April 23, 2021

Dancing the cycle of birth and death at Kiyomizu Temple

Eri Karatsu
Dance Base Yokohama, Artistic Director

Mirai Moriyama performs an offering on the stage of Kiyomizu Temple. | Perrotin / Kenryou Gu

On March 11, 2021 — exactly 10 years after the Great East Japan Earthquake and a year after the day when the World Health Organization declared COVID-19 a pandemic — “Re:Incarnation,” a performance offering by young Japanese creators, took place at Kiyomizu Temple in Kyoto. Mirai Moriyama, who has been involved in the creation of numerous works around the world, led the performance as the general director.

It was 6:30 in the evening and the temple was already in twilight. A small audience of approximately 20 people walked through the temple’s mountainside grounds, led by a guide. Paper lanterns were lined up about a meter apart along the long narrow staircase, dimly lighting our footsteps. Proceeding a little further, a figure dressed in a white costume appeared on the opposite side of a stream. Faint sound from the speakers (designed by Jukan Tateisi) overlapped with the natural sounds of the wind and trees, as well as Moriyama’s voice reading a text. Proceeding to the next area, another man dressed in the same costume was crouched down and nestled close to a round rock. His body, inhabiting the darkness, twisted as if attempting to have a dialogue with nature, which changed the mood of the place. Along with Moriyama, nouseskou and Daisuke Omiya partook as performers. They were dressed in the same costume, designed by Tamae Hirokawa, but with their faces covered by masks, anonymity was maintained throughout the performance.
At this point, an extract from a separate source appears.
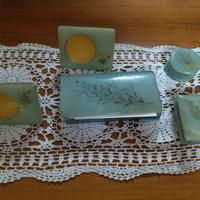 Portagioie Cofanetto Scatola Italy Alabastro verde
For this Kiyomizu Temple project, Moriyama collected physical movements and sounds representative of eight selected locations in Kyoto where he felt energies, which were then remapped to eight locations within the temple, envisioning a new physical map. Moreover, the performance was inspired by traditional kusōzu paintings depicting the nine stages of the decay of a corpse. Upon learning this inspiration and having walked around the temple grounds, it seemed as if the performers’ bodies that metamorphosed into butoh dancers began to overlap with decaying corpses from kusōzu paintings. After visiting the eight locations within the temple grounds, including the garden, the figures of arhats and the West Gate, Moriyama’s body was finally enshrined as an offering at the stage of Kiyomizu. Toribeno, the district surrounding Kiyomizu Temple, is one of the three major funeral sites in Kyoto. During the Heian Period, when commoners who died of plague or famine were not allowed to build graves, they were laid to rest by aerial burial that returned their bodies to nature. The stage of Kiyomizu, a ledge extending over the cliff overlooking Toribeno, was built for the purpose of dumping those commoners’ corpses into the valley beneath the stage. It is said that Kiyomizu Temple was built to mourn the many dead who were buried there.

A performance at the West Gate of Kiyomizu Temple, one of the dance’s eight locations | Perrotin / Kenryou Gu

As such, the stage of Kiyomizu was indeed a place suited for conducting a rite that connects this life with the afterlife. Moriyama stood tall in the middle of the stage, took a deep breath, then sat down to slowly move in all directions in a ritualistic manner, gradually drawing a circle with growingly intense movements. Finally, when he took his mask and costume off, Moriyama appeared as himself, as a human being. Could this be signifying the return to life after reincarnation, or yet another death? Flowing lines in fluorescent green that appeared over his collapsing or reviving body became the very symbol connecting the past and the future, as if representing a soul that had gone through repeated reincarnations.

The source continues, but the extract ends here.